SIR, – in the Scottish Farmer (July16) Jimmy Pierson of the Vegan Society attempted to claim some sort of moral high ground by quoting a lot of ‘scientific’ sounding figures. The main advocates in the recent referendum were rightly criticised for gross exaggerations.
Even assuming his figure of 700 litres per day of methane from an average cow is correct, this is equivalent in energy terms to about three quarters of a litre of diesel fuel.
I would really like to know where you can purchase a large 4x4 vehicle that can travel 35 miles on that amount of fuel ( that’s 209 miles per gallon ) Both methane and NO2 are chemically reactive and do not remain long in the atmosphere, so their effect is not nearly as large as CO2 ( which hangs about for more than a century ). Although it is reasonably certain that we have to wean ourselves of fossil fuels, how much they are helping or harming our climate is not a certainty.
Due to many factors, including the amount the earth’s axis changes it’s tilt and when in the year we are closer or further from the sun, over the last million years and more we have mostly been in ice ages with shorter interglacial periods lasting about 10 thousand years.
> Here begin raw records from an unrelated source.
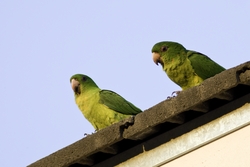 Green Parakeet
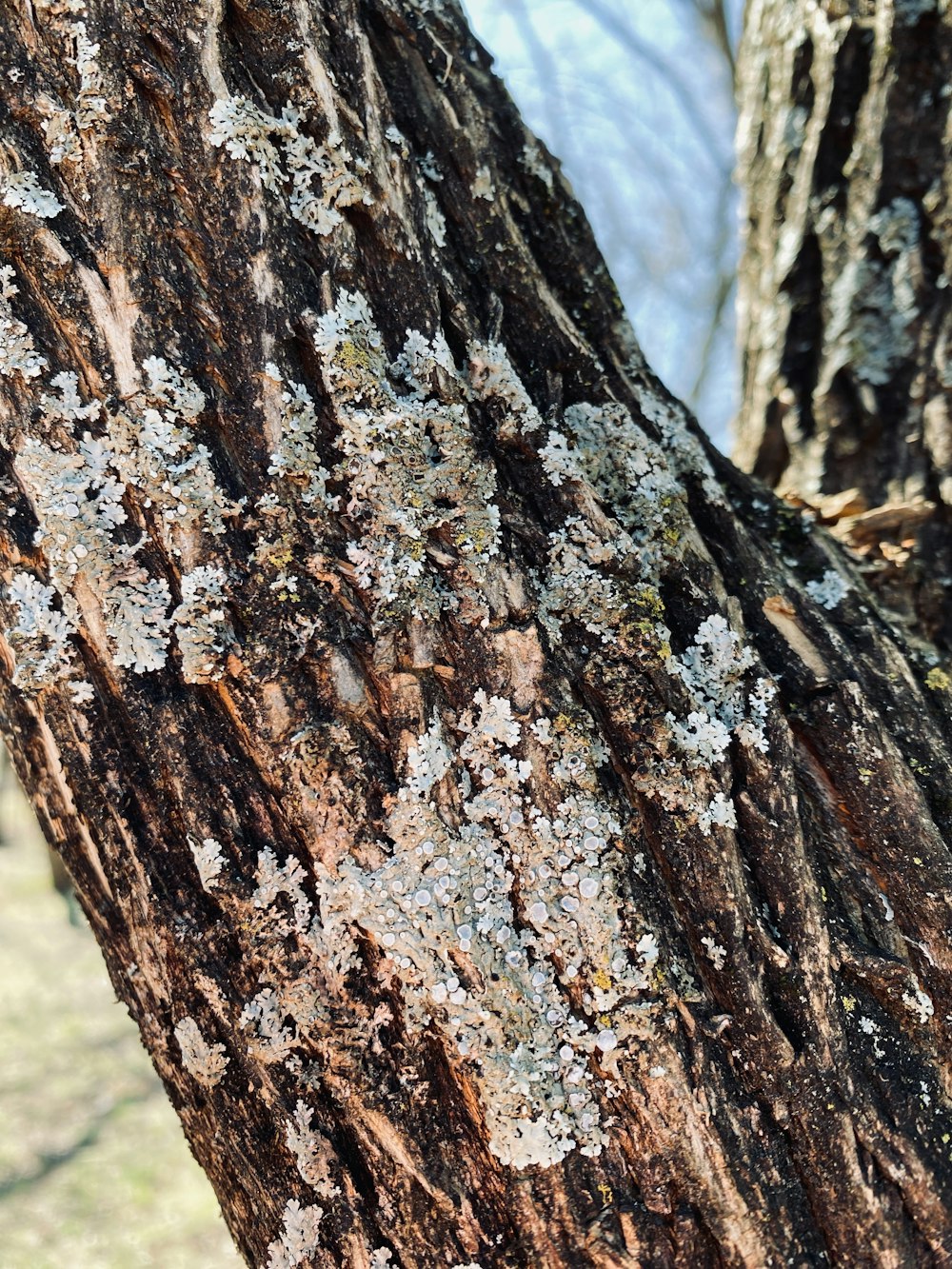 un primo piano di un albero con licheni su di esso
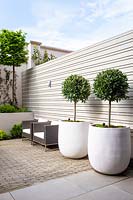 Seating area with large white containers of Laurus nobilis trees - lollipops by grey wooden fence. 
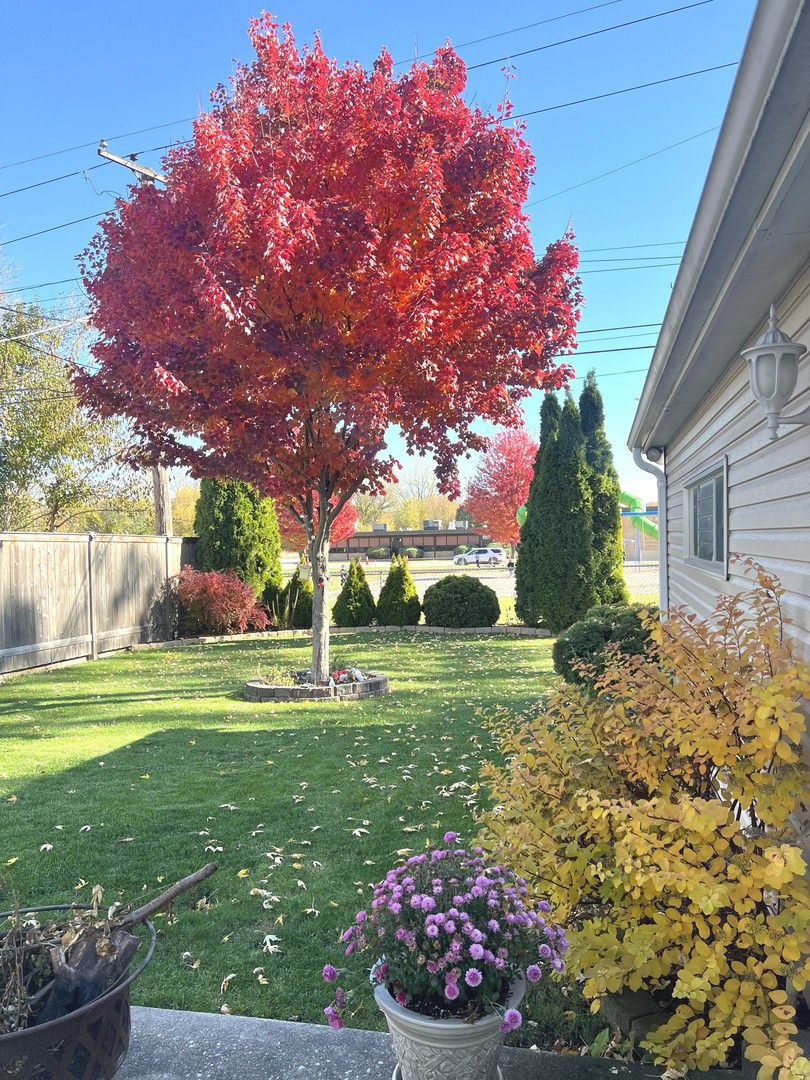 1127 LOTUS Drive, Round Lake Beach, IL 60073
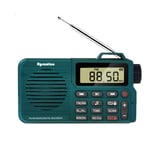 AM/FM Radio, Bluetooth Pocket Radio Bass Speaker, Support Micro-SD1710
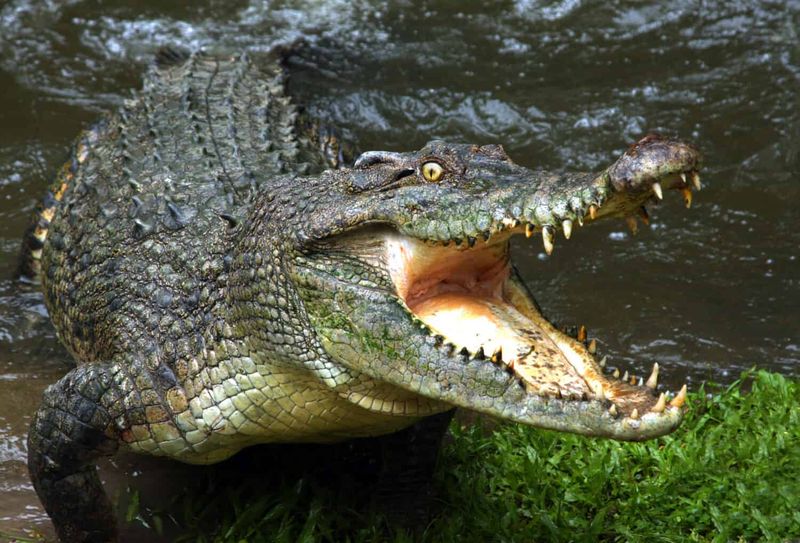 Saltwater Crocodiles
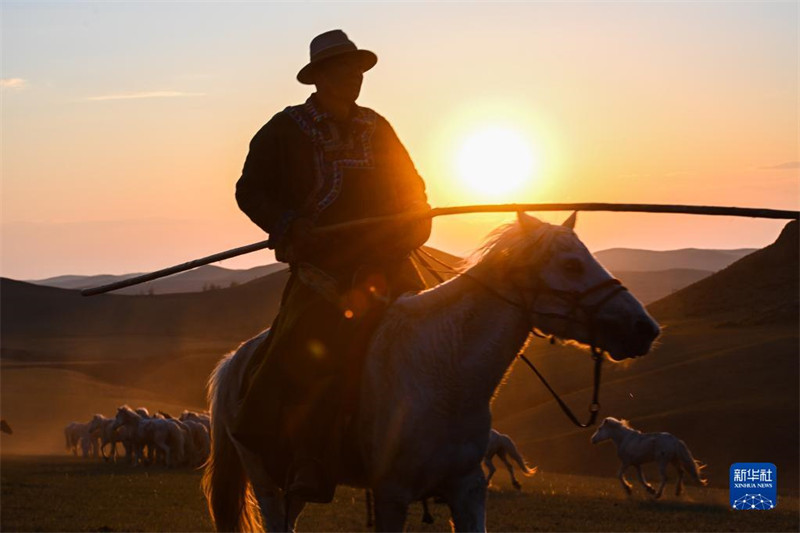Mongolie intérieure : les chevaux courent dans les prairies d'été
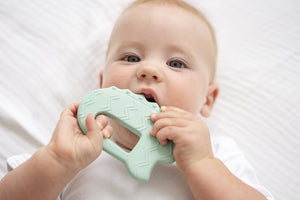 Flat Rubber Crocodile Zoo Teether- Tikiri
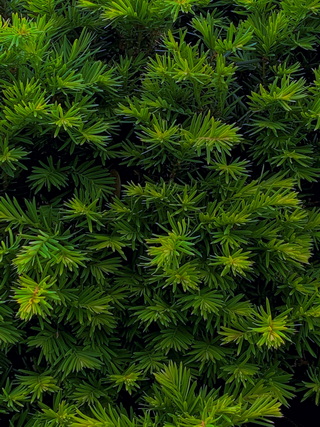 taxus-x-media-hiksii-conifer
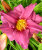 Лилейник Саммэ Вайн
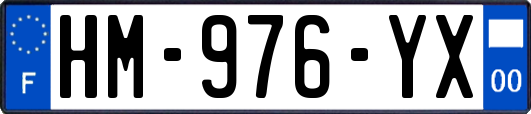 HM-976-YX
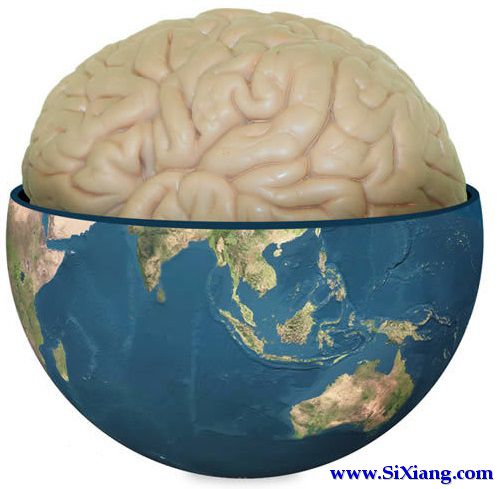 专家提出地球脑概念 原来地球脑在38.5亿年前就诞生了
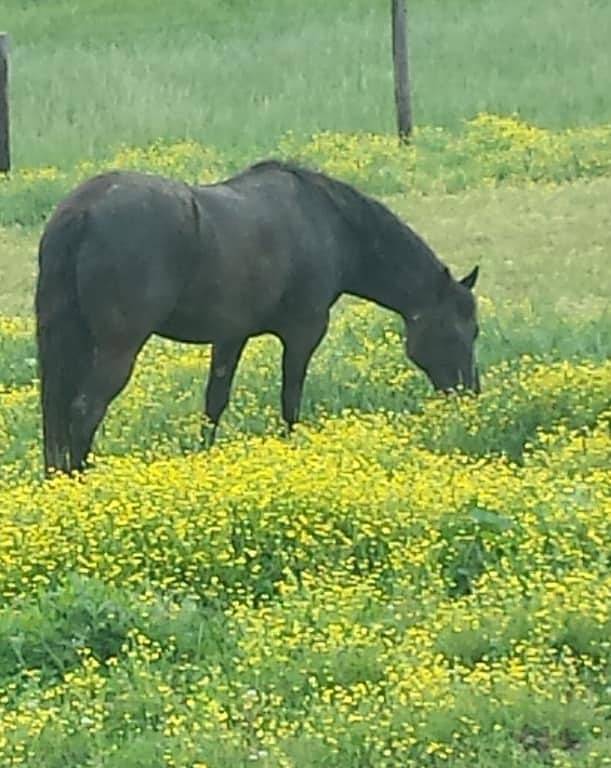Blockhaus-Pferdefarm in der Nähe von Mammuthöhlen / ncm Motorsport / Korvetten in Kentucky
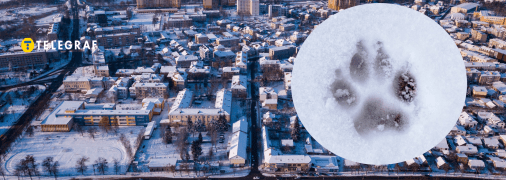 В Луцке заметили хищника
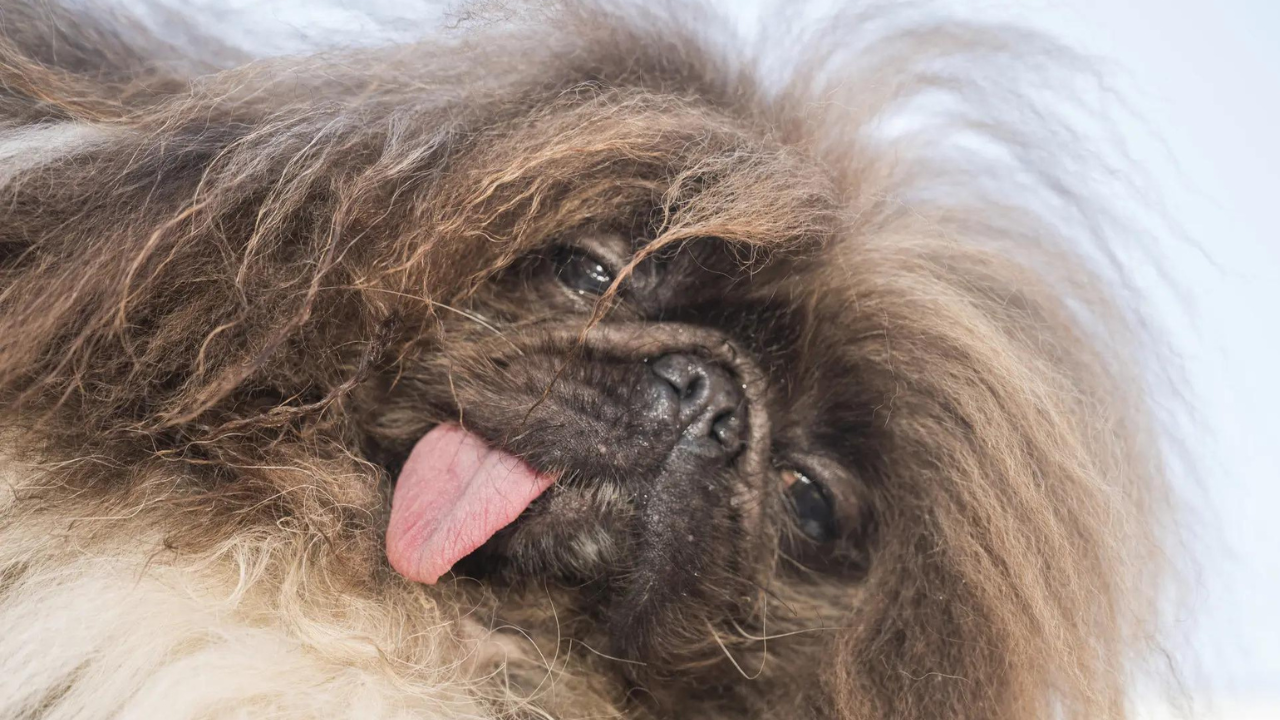 Meet Wild Thang: Winner of world's ugliest dog contest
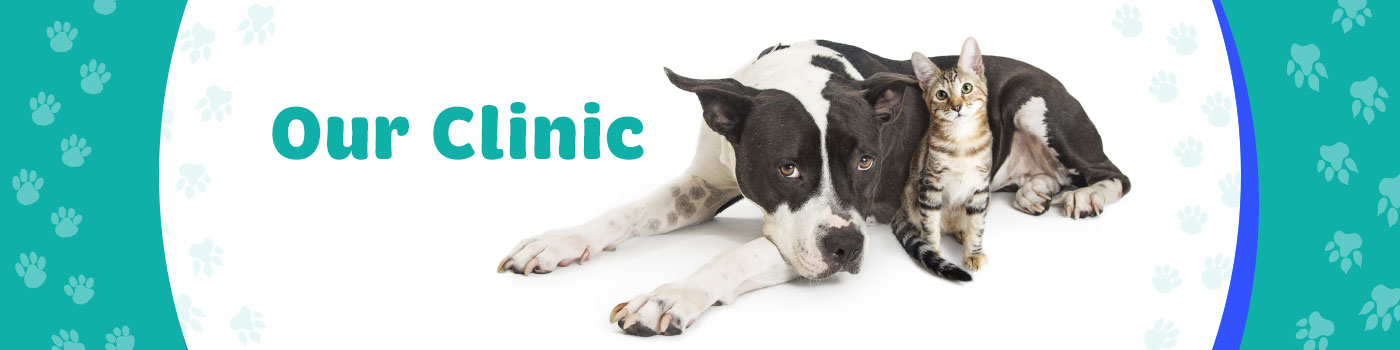 clinic clinic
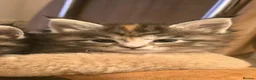 Maine Coon cats for sale: Maine coon kittens in Dundee - Advert 7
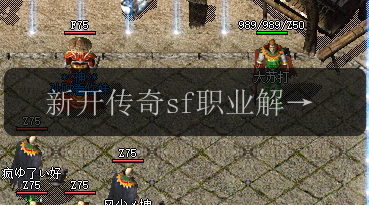 新开传奇sf职业解析_哪个职业的分身术在战斗中更具优势_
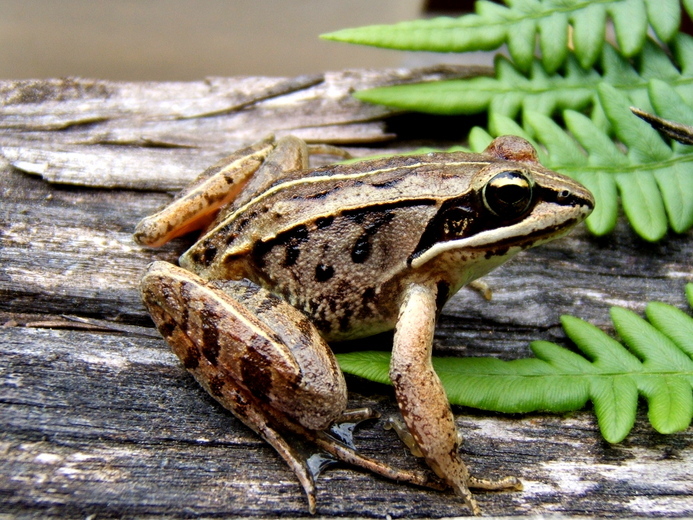Image of wood frog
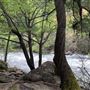 Dunsmuir City Park Sacramento River
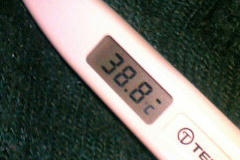 38,8℃ﾜｵ☆／(＾o＾)＼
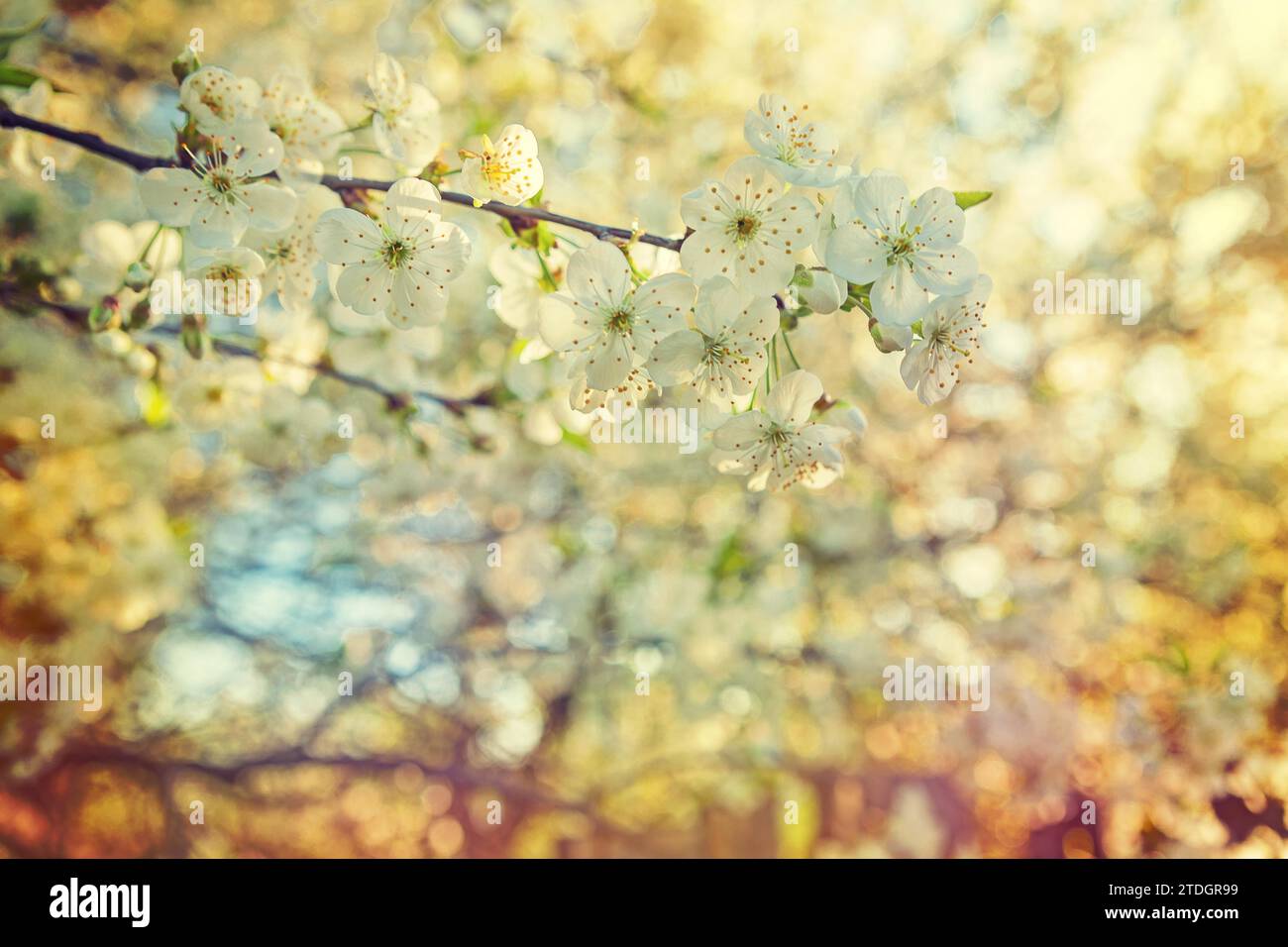 Kirschblüte aus nächster Nähe auf kleinen Zweig bei Sonnenuntergang Stockfoto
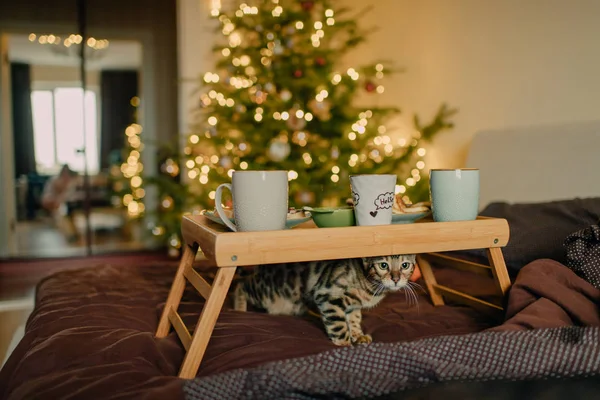 Neujahrsmorgen Mit Der Familie — Stockfoto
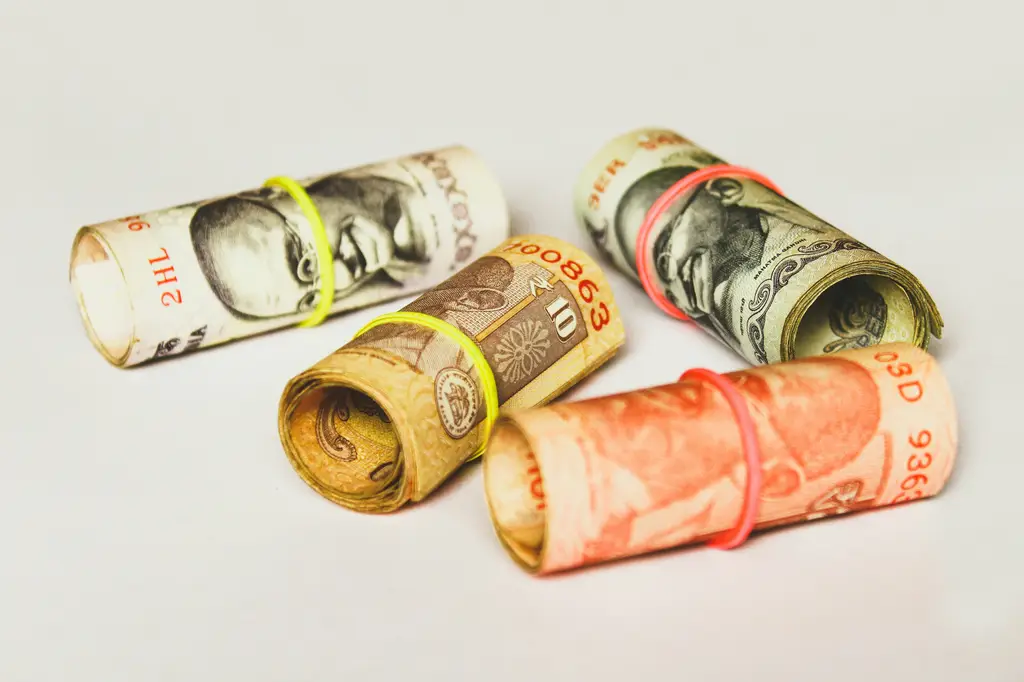 勞保明細查詢：掌握你的保障，安心規劃未來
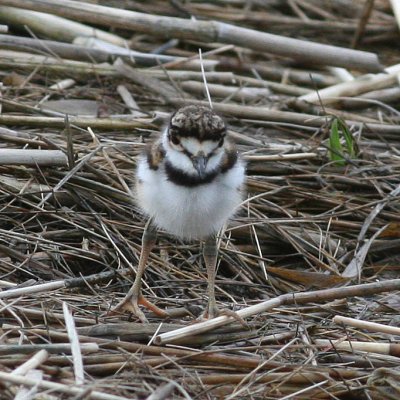 Downy young Killdeer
The last ice age ended about 10 thousand years ago, and but for the effects of global warming, we might be going into another one. Nobody knows for sure that another ice age could not happen anyway and the present volatility might just make it happen faster. How ice forms and melts in the arctic seems to be crucial, but a warming arctic ocean might suppress the gulf stream and it’s loss might then produce a rapid winter freeze that wasn’t balanced by a similar summer thaw.  
Bottom line – we will need all our food sources and animals that graze hillsides are still the best practical option.